Le richieste comuni dei Gay Pride di Milano, Bologna, Napoli, Catania e Cagliari

Onda Pride è stato definito Pride, unitario ma organizzato in cinque diverse città italiane, che si terrà il prossimo sabato 29 giugno.

Onda Pride 2013

Sabato 29 giugno l’Italia sarà attraversata da un’onda rainbow: in cinque capoluoghi di regione lungo tutto lo Stivale, infatti, si terranno i Pride. Milano, Bologna, Napoli, Catania e Cagliari marceranno insieme sull’onda dell’autodeterminazione e dei diritti

La piattaforma rivendicativa, unica per tutte e cinque le manifestazioni, afferma:

Scendiamo nelle strade di un Paese immobile, impoverito, precario, frammentato. Non vogliamo subire impotenti e conniventi la deriva di una crisi che ci viene raccontata attraverso i numeri della finanza e della macroeconomia, ma che quotidianamente mostra i suoi sintomi nell’imbarbarimento delle relazioni sociali, nell’avanzare di nuove generazioni private del proprio futuro, nella corruzione dei rappresentanti istituzionali, nell’omologazione e nell’impoverimento delle identità e dei comportamenti, nella prevaricazione e nell’abuso eletti a modus operandi da parte di chi detiene il potere, nei diritti violati o addirittura da sempre negati. Ci ritroviamo oggi a condividere un presente che è lo specchio di un Paese che ancora inciampa nelle lezioni che avrebbe dovuto già apprendere, che cede alla lusinga ignobile del pensiero iniettato di totalitarismo, di intolleranza, di sessismo e di razzismo.

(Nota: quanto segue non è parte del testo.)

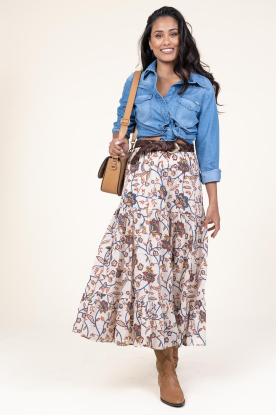 Stella Forest |  Maxi skirt with print Marla | natural 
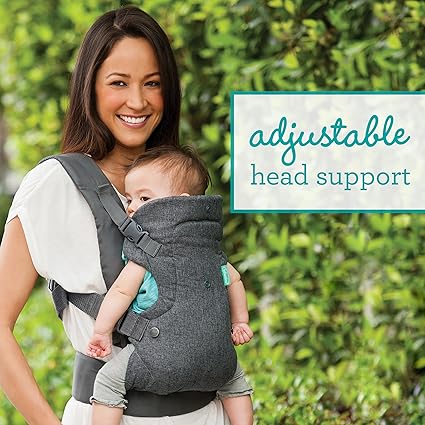 Infantino Flip Advanced 4-in-1 Baby Carrier - Ergonomic, Convertible, Face-in and Face-Out Front and Back Baby Carrier for Newborn to Toddler 8-32 lbs, Gray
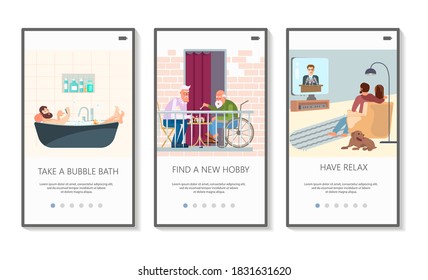 Mobile apps set of daily routine during isolation period or weekend rest at home. Flat Art Vector Illustration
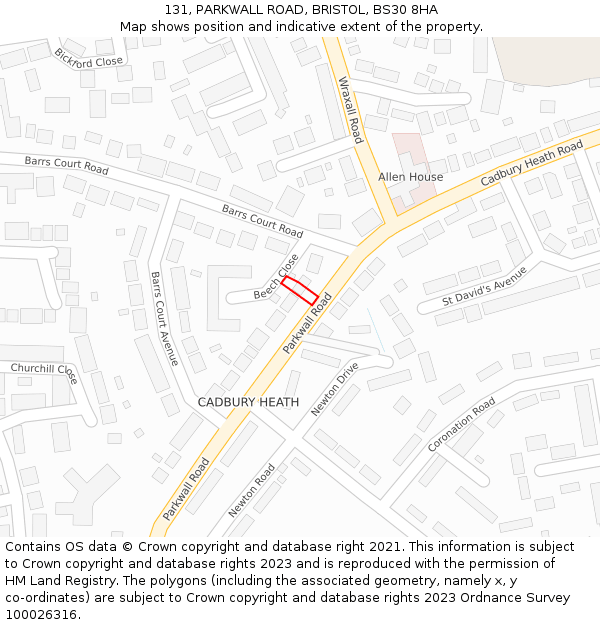 131, PARKWALL ROAD, BRISTOL, BS30 8HA: Location map and indicative extent of plot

Il quadro è desolante, come affermano gli organizzatori, e rappresenta l’Italia che sembra aver perso il proprio orgoglio. Pertanto

riportare l’orgoglio in piazza è oggi più che mai un’urgenza, prima ancora che il rinnovarsi di un appuntamento caro alla comunità lgbtqi. Perché è nell’orgoglio che troviamo la forza di indignarci e di tenere lo sguardo fermo verso l’idea di un Paese migliore.

Il messaggio inequivocabile che si vuole lanciare è il seguente:

le battaglie per i diritti si combattono per vincerle. In tema di diritti è non solo insufficiente ma grave tollerare oltre argomenti iniettati di attendismo, che rinviano, ridimensionano, approssimano e alla fine tradiscono ogni promessa. Il Pride […] si pone in continuità con la lotta di liberazione che nel secolo scorso è riuscita a riscattarci dall’occupazione nazi-fascista, offrendo un esempio della grande energia democratica alla base dei valori fondanti del nostro Paese. E di quella lotta oggi vuole scrivere il nuovo inderogabile capitolo, l’esito di un Paese che finalmente declina quella Liberazione nelle pratiche quotidiane, scoprendone il valore pieno.